Files are just approximations of Pi…

All those files in your computer. What are they exactly? Well, they are just approximations of that wonderful number, $\pi$. Some are good, some are bad, but each file is an approximation. What did I smoke? Nothing… Let me explain.

It is well known that the probability of two integers being coprime is $\frac{6}{\pi^2}$. Now, if a file is structured as a list of lines, each line can be seen as a number (a field of bits being a number in base two). Considering the probability for each line to be coprime with the next line, any file provides an approximation of $\pi$. All you have to do to obtain the approximation for a given file is to compute the gcd of quite large numbers.

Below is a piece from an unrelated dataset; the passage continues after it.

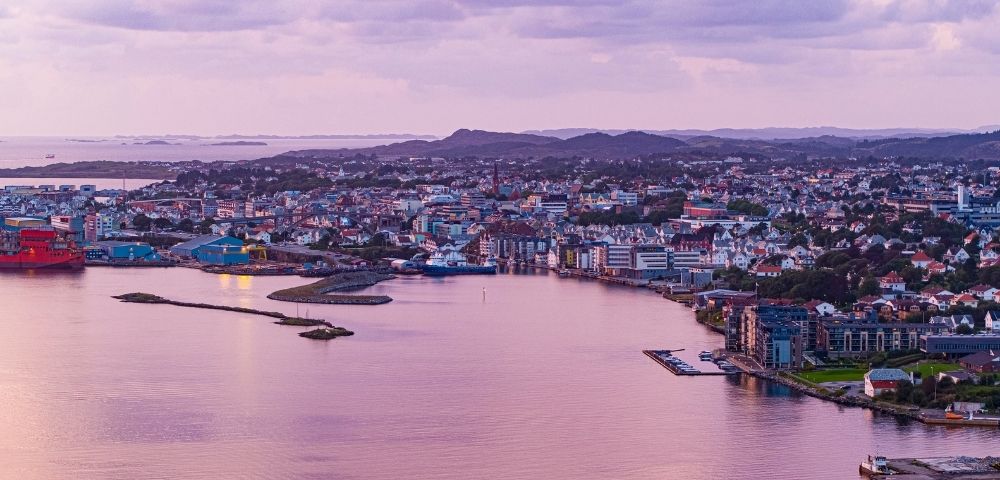 Panoramic view of a coastal city at twilight with a harbor, industrial buildings, and residential areas nestled against rolling hills under a soft purple sky.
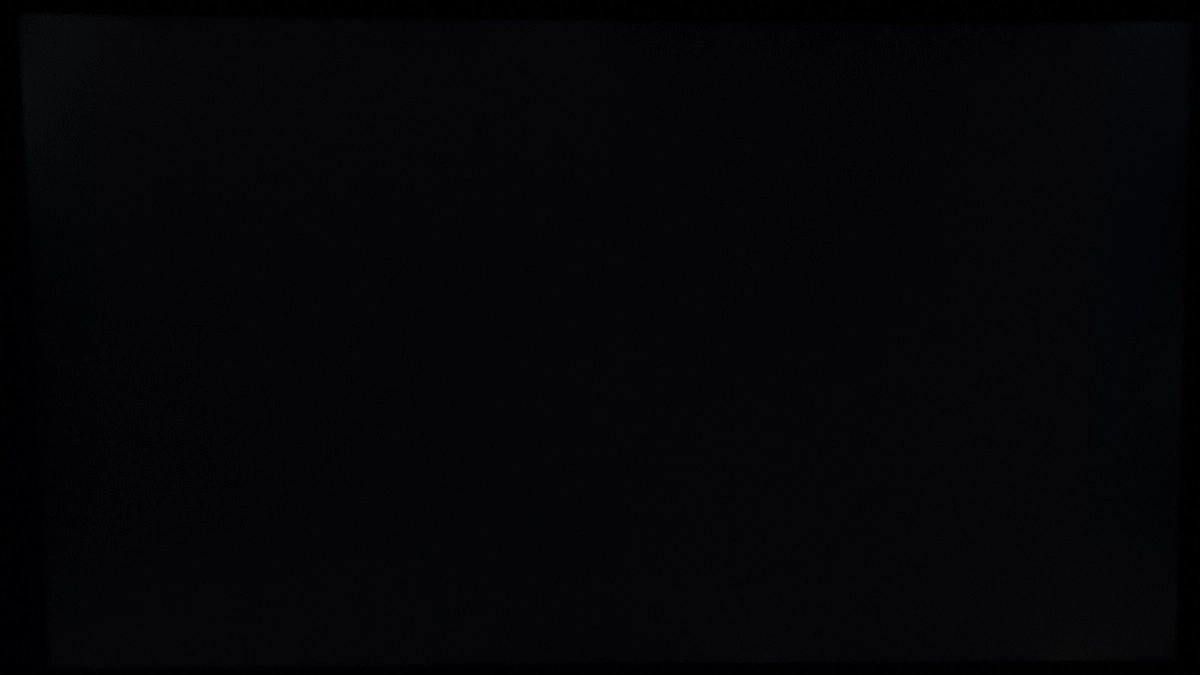 Monitor displaying black in a dark room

Here is a Perl script that uses dc to compute the $\pi$ number of a given file:

#!/usr/bin/perl -w

# without this line, the pi number of this program is 2.8784916685157

# computes the pi approximation of a file
# uses the fact that the probability for two integers to be coprime
# is 6/pi^2

use strict;

# assume the first line is one (the first test will be positive, and $p will
# be nonzero).
my ($n, $p, $l) = (0, 0, 1);

# for all nonempty and nonnull lines
while (<>) {
  # conversion: returns (in hexa) the bits in the line seen as a number
  # chop the \n at the end of lines (if not, lines are never coprime)
  # dc wants hexa numbers to be uppercased
  chomp;
  $_ = uc unpack "H*", $_;
    if (not /^0*$/) {
    # test the current line with the previous one; increase by one the 
    # number of tests; increase the number of positive tests if numbers 
    # are coprime
    # package Math::BigInt is so slow that it's more efficient to fork and
    # ask dc to compute the gcd
    $n++;
    $p++ if (`echo "16i$l $_ sa[sblalbdsa%d0<.]ds.xlap" | /usr/bin/dc` eq "1\n");
    $l = "$_";
    # print the current approximation of pi
    # print "($p/$n)\n"; # for debug
    print (sqrt (6.0*$n/$p)."\n");
  }
}

Of course, the larger and the more random a file is, the better the approximation. For instance, the $\pi$ number of my Ph.D. thesis (uuencoded Postscript) is 3.302, which suggests it was mostly (but not entirely) nonsense. I am currently writing a research paper with a $\pi$ number (at present) equal to 42.001, the stuff of geniuses.

The kernel of Windows 98 gives the outstanding approximation of 3.14159265358979323846264338327950. This proves that this program is randomly generated (as most of its users suspect). With a pseudo random (rand48) file of 10 GB (41,943,040 lines) and an optimized C/gmp program to compute the $\pi$ number instead of the Perl script, I only got 3.141543785 (and a $1,000 fine from Caltech for wasting 56 hours of CPU time…).

The current record (00/02/18) in the computation of $\pi$ is 206,158,430,000 digits. Interestingly, it only took 37 hours and 21 minutes. However, I don’t know what random file they used…

So, what’s the best $\pi$ file on your machine—besides the Windows OS?